| TASK ITEM |
Repeat each entry word for word; the images are not part of the copy.
○ ○ ○ ○ ○
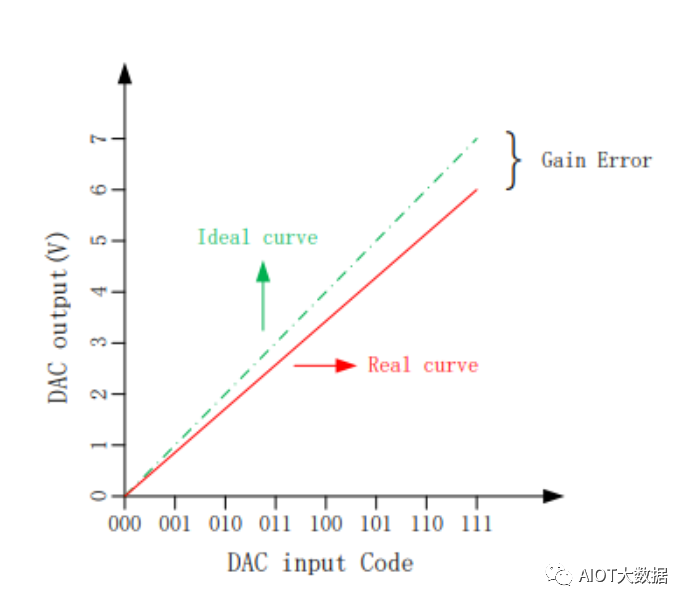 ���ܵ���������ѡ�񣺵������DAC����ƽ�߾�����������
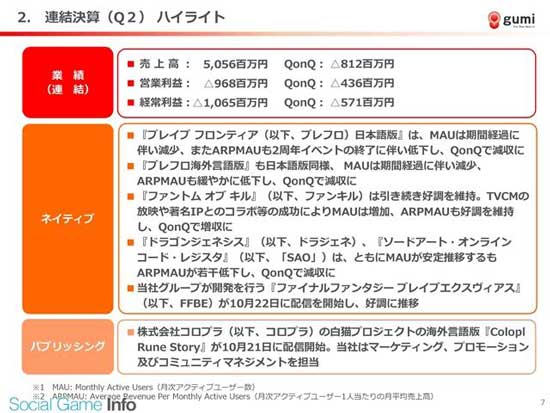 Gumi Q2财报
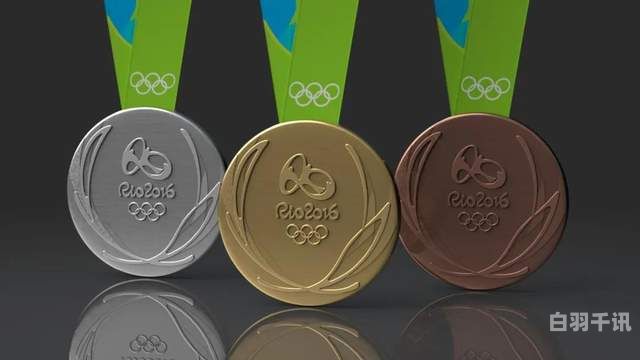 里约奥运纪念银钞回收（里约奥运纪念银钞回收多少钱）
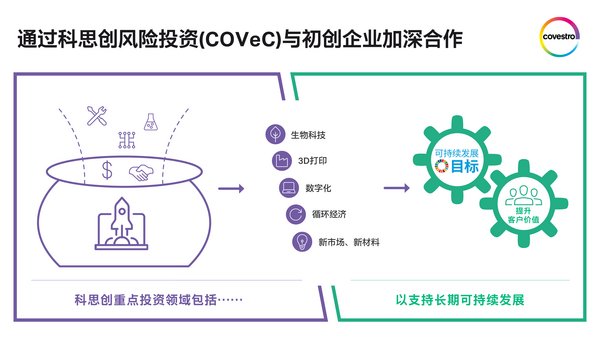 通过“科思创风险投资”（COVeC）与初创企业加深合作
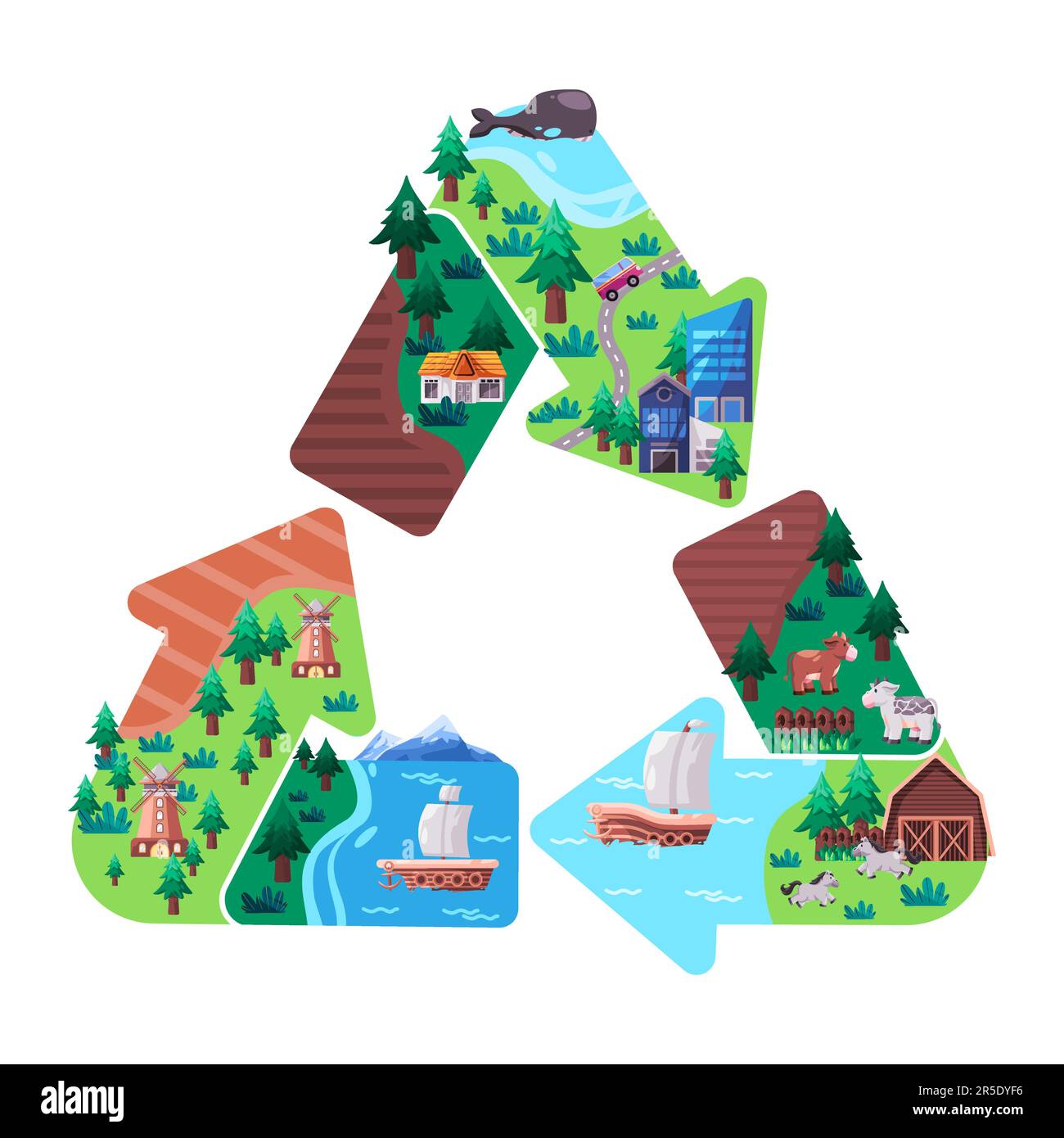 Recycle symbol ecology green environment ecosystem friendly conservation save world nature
○ ○ ○ ○ ○
| OUTPUT OF THE EXERCISE |
 ���ܵ���������ѡ�񣺵������DAC����ƽ�߾�����������
 Gumi Q2财报
 里约奥运纪念银钞回收（里约奥运纪念银钞回收多少钱）
 通过“科思创风险投资”（COVeC）与初创企业加深合作
 Recycle symbol ecology green environment ecosystem friendly conservation save world nature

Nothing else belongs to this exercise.